Когда не ждёшь
- Слышала, Валька из третьей квартиры замуж собралась? - бойкая на вид женщина преклонного возраста прикрыла рот сухонькой ладошкой и звонко, совсем по-девчачьи, хохотнула.
- Это за кого же? - скрипнула её собеседница, в который раз поправляя на голове платок, расписанный какими-то странными листьями - не то каштана, не то клещевины.
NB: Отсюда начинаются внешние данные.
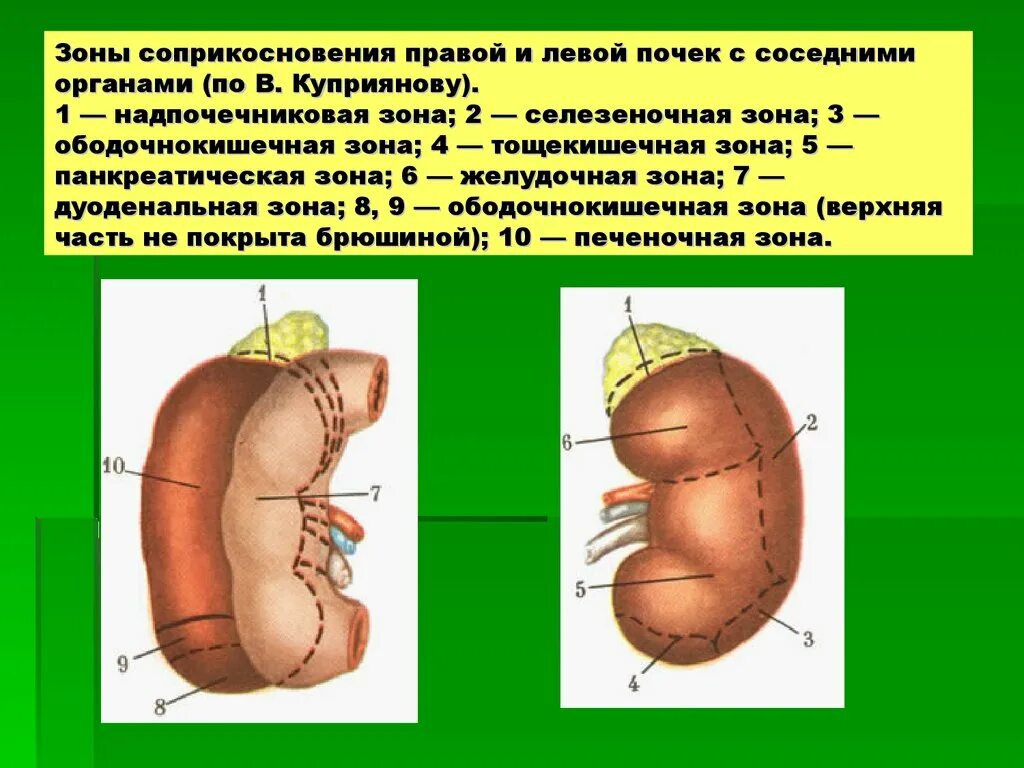 Правая почка соприкасается:. Зоны почки. Топография почки анатомия. Правая почка меньше левой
Явно бахвалилась новой вещицей, которую её внук, конечно же наркоман, привёз ей из Амстердама.
- За Валерку из десятой, - торжественно проговорила Семёновна, скалясь новыми зубными протезами.
- Брешешь! - собеседница застыла с поднятой рукой, забыв поправить платок.
- Вот тебе крест, не брешу!
- Они же судились недавно. Кошка Валеркина весь половик Вальке промочила, - удивлённо воскликнула подруга. - Скандалы целый месяц были. Орали так, что у меня в квартире окна дрожали.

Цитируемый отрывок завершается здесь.